Art celebrities going wild with my portrait

Table of Contents

Demistyfying Style Transfer

If you think about it, the task of modifying a given image according to the style of another one is everything but obvious.

First, what exactly is the style of an image? We need something very specific, as it has to be converted into math, somehow.

Secondly, how do I actually modify an existing picture to the point when it reasonably resembles the original one, still, different enough to have its own style twist on top?

These are all good questions. Let’s start breaking down the task in two. The first challenge consists in reconstructing the content of the original image, up to a certain extent. The second, more challenging, sub-task consists in extracting the concept of style from a piece of art and apply it to our original object. Let’s go.

Content Reconstruction

Here the context. You are given an Original Image (OI for brevity) and a Random Noise Image (RNI) and you are tasked to tweak the pixels values of RNI (which are, by definition, random) until it resembles OI, as much as possible. This is not that hard. At the end of the day, it boils down to setting up a loss function, defined as the MSE between RNI and OI, and minimize it, tuning RNI at each iteration. This is something relatively standard to achieve with a PyTorch optimizer. Is this what we want, though? Not really. What we want is RNI to “look like” OI, not to be the exact copy of it. Copying OI into RNI would not work as there would be no room left to add the Style part down the line.

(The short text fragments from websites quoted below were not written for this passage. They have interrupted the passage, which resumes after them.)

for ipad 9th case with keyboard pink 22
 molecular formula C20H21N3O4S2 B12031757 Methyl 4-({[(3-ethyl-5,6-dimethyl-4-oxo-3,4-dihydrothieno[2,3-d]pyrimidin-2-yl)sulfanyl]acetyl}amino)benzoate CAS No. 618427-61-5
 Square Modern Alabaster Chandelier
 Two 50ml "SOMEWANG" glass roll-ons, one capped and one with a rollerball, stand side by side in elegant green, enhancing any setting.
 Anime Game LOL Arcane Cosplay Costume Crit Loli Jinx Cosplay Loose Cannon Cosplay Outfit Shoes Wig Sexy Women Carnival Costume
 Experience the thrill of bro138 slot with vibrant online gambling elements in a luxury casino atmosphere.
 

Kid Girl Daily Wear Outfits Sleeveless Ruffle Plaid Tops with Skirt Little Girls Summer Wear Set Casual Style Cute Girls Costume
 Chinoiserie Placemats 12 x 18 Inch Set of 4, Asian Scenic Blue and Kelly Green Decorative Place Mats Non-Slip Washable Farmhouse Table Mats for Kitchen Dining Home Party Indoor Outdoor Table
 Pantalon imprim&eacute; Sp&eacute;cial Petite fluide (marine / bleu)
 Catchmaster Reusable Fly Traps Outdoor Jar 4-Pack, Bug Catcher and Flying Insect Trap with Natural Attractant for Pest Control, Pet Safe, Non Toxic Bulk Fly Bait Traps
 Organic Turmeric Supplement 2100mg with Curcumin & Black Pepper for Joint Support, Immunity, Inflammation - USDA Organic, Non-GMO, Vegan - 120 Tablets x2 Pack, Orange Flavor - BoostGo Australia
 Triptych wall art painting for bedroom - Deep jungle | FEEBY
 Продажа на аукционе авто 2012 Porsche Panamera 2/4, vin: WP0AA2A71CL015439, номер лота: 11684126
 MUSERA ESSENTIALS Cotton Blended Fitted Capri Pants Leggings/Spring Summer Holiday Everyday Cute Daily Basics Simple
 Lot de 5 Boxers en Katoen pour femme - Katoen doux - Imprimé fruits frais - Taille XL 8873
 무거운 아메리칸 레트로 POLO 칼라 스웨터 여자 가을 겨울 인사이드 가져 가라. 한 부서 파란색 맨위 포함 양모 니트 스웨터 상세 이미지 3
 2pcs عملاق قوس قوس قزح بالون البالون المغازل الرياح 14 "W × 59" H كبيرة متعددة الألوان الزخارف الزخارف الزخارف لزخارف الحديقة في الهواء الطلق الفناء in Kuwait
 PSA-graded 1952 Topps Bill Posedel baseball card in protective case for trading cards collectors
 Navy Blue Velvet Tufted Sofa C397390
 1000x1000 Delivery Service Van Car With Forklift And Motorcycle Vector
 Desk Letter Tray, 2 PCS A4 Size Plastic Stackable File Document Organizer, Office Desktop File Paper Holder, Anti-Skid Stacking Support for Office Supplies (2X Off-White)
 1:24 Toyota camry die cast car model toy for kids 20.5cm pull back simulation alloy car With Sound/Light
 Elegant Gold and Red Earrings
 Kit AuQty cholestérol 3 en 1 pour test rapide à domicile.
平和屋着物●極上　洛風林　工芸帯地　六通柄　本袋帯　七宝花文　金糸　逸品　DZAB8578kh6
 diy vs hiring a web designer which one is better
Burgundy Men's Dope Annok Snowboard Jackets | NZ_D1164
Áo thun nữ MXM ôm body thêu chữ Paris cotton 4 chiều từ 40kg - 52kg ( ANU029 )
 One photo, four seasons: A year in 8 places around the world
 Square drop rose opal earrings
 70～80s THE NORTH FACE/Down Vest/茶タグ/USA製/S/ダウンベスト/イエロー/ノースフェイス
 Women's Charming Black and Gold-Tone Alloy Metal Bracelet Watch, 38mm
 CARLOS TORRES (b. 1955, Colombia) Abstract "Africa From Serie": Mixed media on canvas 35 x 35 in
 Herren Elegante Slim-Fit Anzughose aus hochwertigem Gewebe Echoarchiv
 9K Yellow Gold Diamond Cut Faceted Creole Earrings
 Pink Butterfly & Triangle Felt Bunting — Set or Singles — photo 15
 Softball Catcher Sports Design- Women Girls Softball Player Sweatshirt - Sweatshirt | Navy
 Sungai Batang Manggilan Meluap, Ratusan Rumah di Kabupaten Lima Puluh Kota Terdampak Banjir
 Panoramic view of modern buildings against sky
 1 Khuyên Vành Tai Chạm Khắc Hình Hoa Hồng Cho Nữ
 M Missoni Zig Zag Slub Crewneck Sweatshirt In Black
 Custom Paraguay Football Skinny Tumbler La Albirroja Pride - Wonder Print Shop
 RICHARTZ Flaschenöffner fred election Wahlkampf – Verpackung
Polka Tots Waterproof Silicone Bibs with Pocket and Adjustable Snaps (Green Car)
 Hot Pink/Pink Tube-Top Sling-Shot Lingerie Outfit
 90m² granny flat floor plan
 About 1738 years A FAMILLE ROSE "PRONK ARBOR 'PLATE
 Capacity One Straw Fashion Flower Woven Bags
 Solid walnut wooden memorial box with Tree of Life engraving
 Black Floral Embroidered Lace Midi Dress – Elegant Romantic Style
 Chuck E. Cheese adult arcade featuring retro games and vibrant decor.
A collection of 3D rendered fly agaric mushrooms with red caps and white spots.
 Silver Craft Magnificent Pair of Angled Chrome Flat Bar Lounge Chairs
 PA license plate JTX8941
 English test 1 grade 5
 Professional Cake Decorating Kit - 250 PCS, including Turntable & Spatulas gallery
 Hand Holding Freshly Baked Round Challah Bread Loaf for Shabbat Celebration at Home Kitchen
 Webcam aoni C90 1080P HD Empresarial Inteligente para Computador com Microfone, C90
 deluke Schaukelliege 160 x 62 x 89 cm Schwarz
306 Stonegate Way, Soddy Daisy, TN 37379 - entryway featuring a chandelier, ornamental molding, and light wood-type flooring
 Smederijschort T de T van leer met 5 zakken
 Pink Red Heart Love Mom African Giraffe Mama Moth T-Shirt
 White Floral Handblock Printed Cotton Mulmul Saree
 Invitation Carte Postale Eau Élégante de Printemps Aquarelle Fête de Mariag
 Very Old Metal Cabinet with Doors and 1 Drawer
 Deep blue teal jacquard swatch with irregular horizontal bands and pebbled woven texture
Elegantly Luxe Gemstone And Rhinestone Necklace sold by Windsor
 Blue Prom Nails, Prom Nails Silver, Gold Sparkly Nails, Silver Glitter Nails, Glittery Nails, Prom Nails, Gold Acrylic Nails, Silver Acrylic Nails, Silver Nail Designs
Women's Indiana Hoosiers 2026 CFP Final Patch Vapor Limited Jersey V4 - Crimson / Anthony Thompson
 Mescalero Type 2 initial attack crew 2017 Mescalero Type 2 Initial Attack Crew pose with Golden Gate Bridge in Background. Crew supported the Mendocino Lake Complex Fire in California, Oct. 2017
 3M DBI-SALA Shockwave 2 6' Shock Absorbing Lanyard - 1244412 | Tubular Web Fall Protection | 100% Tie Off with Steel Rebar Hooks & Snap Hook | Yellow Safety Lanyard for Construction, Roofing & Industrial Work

What we need is a way to create an abstraction of OI. By abstraction, I mean a summary of the content of OI which would be close enough to the pixels to look like OI, and distant enough to just capture the key brushstrokes defining the image itself. Guess what. This is what a CNN is really good at. So, what we will do is to stick OI through a neural network. Then feed into the MSE loss not the raw pixels, but the activations values calculated by the forward pass at some layer of choice. Of course, RNI needs to undergo the same treatment. Convolutional activations are going to be extracted at some point, MSE loss minimized and RNI pixels values tweaked accordingly. This process is illustrated in the below visualization, where a VGG16 architecture is used.

Which network to use and which specific Conv Layer to pick?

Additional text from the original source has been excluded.